At present, new machining concepts can be applied when machining small parts, and the high-pressure coolant is directly and accurately injected into the cutting zone. This type of solution combines the precise orientation of the coolant injection and the simple and safe clamping of the shank. This opens up a whole new perspective for more efficient processing of demanding materials, especially on slitting machines, where small groups of tools are located in a very narrow space, making tool change and mounting difficult and time consuming. With a tool positioning and locking function and a machine equipped with a coolant connector, the new tool holding system can simultaneously improve machining and tool change capabilities.

Turning tools with High Pressure Cooling (HPC) features typically have three nozzles that accurately deliver the coolant jet to the blade in the right place. The coolant affects the distribution of heat generated in the cutting zone, the amount of tool wear, the actual shaping of the chip, and the degree of adhesion of the workpiece material attached to the cutting edge. Coolant injection effectively reduces the chip contact length by forming a so-called "hydraulic wedge" between the chip and the rake face of the insert. It has been confirmed that this has a great influence on tool life and chip formation. Achieving good chip control in the machine tool helps to ensure safe unattended production and tolerances and surface finish levels of machined parts and thereby increase production efficiency.

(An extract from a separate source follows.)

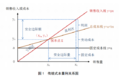 2023年5月30日 (二) 06:10版本的缩略图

The use of a high-pressure cooling system on a machine suitable for machining small parts is very easy and tool change can be achieved quickly and easily. Only one screw and a spring-loaded wedge for holding the tool holder in the tool holder can be used to achieve this by clamping and releasing the holder. When the tool holder is installed and replaced, precise and safe cutting edge positioning can be achieved. In combination with internal cold in the tool holder and a simple and safe coolant joint between the tool holder and the tool holder, long chip material that is difficult to machine without faults can be used as a cutting method that can be commonly used when machining small parts in the medical industry.

A single screw on the QS-HP Quick Change shank can be used to perform a tool change. This usually results in a 2/3 or more change of tool change time – from 3 minutes to 1 minute. Clamping the wedge ensures that the extraction tool is safe and quick, and reduces the risk of the tool falling during clamping. Once the tool is mounted on the machine, the position of the cutting edge is automatically adjusted by the contact between the short shank and the stop. When performing front and back car operations, the safe cutting edge position generally reduces the tool movement by an average of 30%, thereby achieving the goal of improving accuracy.

Recent developments in cutting tools have made the Coro MIll325 thread whirling tool a more advantageous threading method. The use of thread whirling milling thread efficient and safe, and high precision. The new tool concept and indexable inserts have considerable advantages for machining small parts such as bone screws.

Turning with high-precision coolant injection has made great progress in various processing applications. This technology is now not only seen as a tool for solving problems, but also as a means to really optimize the performance of a large number of parts in the medical industry. When turning small parts, the CoroTurnQS-HP is able to apply high-pressure cooling functions and achieve fast and safe tool changes.